A son retour à La Réunion, après sa transition, il n’a pas rencontré de difficulté particulière, que ce soit auprès de ses proches ou même de son établissement scolaire. « Quand j’ai réintégré mon lycée où j'avais déjà passé deux ans avant ma transition, on m’a beaucoup accompagné, je n’ai pas eu de problème pour être genré correctement ou pour mon changement de prénom. On m’a même demandé de prendre sous mon aile un autre élève transgenre.
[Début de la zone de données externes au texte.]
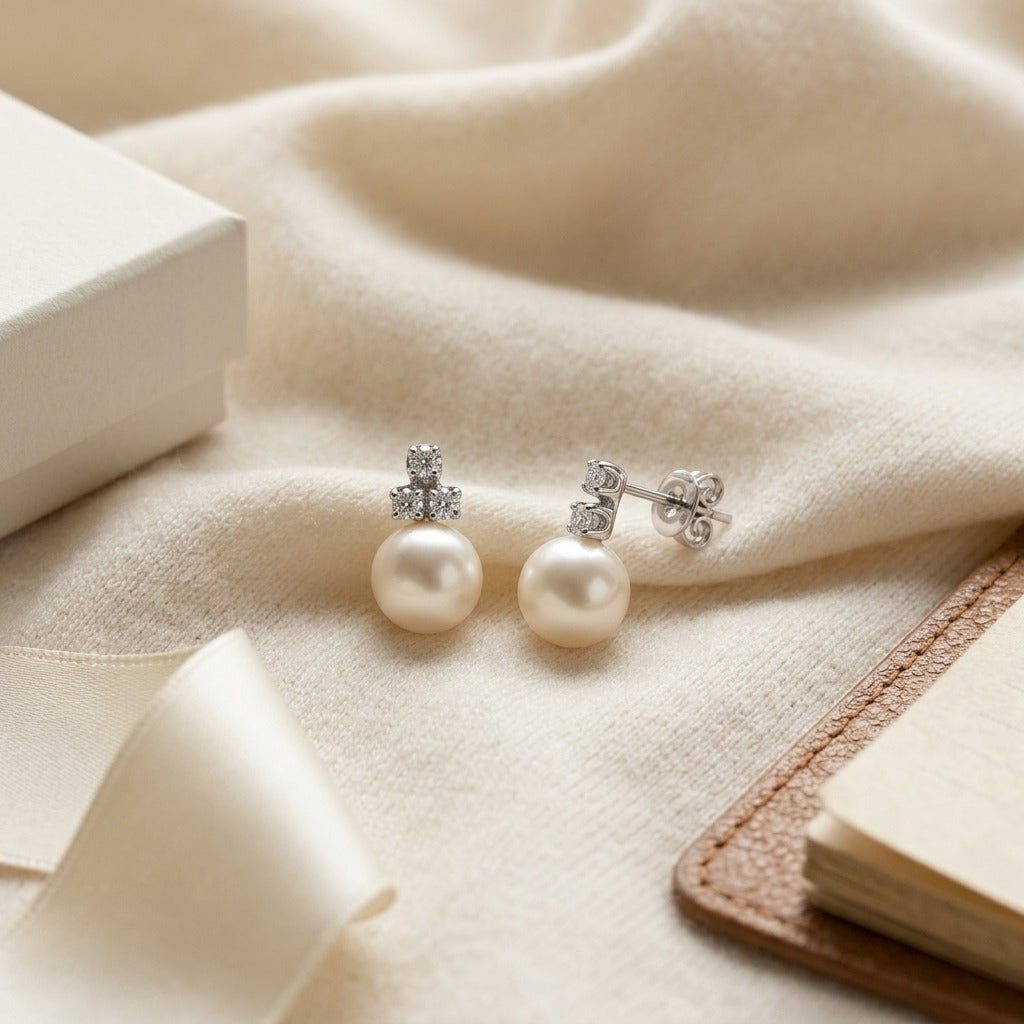 White Akoya Pearl with Diamond Earrings in 14K White Gold - flat lay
Je sais qu’il y a beaucoup d’établissement où ce ne se passe absolument pas comme ça. »
S’il subi parfois des regards insistants, il n’a - heureusement - jamais subi de transphobie agressive. « Ça peut être un peu compliqué, mais en général cela se limite à une incompréhension face à mon genre, sans que cela devienne agressif. Je peux voir dans l’interaction qu’ils ne comprennent pas pourquoi je leur dis que c’est monsieur et non madame, mais on ne me pose pas de question envahissante » raconte-t-il.
Pour faire face à un espace public où on ne sent pas toujours en sécurité, plusieurs associations se sont créées ces dernières années. En 2021, le centre LGBTQIA+ de l’océan Indien a ouvert ses portes à Saint-Denis. « C’est un milieu que je ne connaissais pas du tout. J’ai récemment fait une soirée queer, et j’ai découvert ce sentiment de liberté, de pouvoir embrasser mon copain sans avoir peur de la réaction des autres. C’est quand même hyper agréable de pouvoir s’affranchir de la potentialité d’une agression » dit Clément.
« C’est une sorte de famille, où l’on peut vraiment être soi-même » témoigne Raadj. « Dans un monde idéal, on ne devrait pas avoir à faire de coming out » conclut-il.
Pour les personnes se questionnant sur leur orientation sexuelle ou leur identité de genre, ou cherchant des ressources, il est possible de se rapprocher des associations Requeer et Orizon.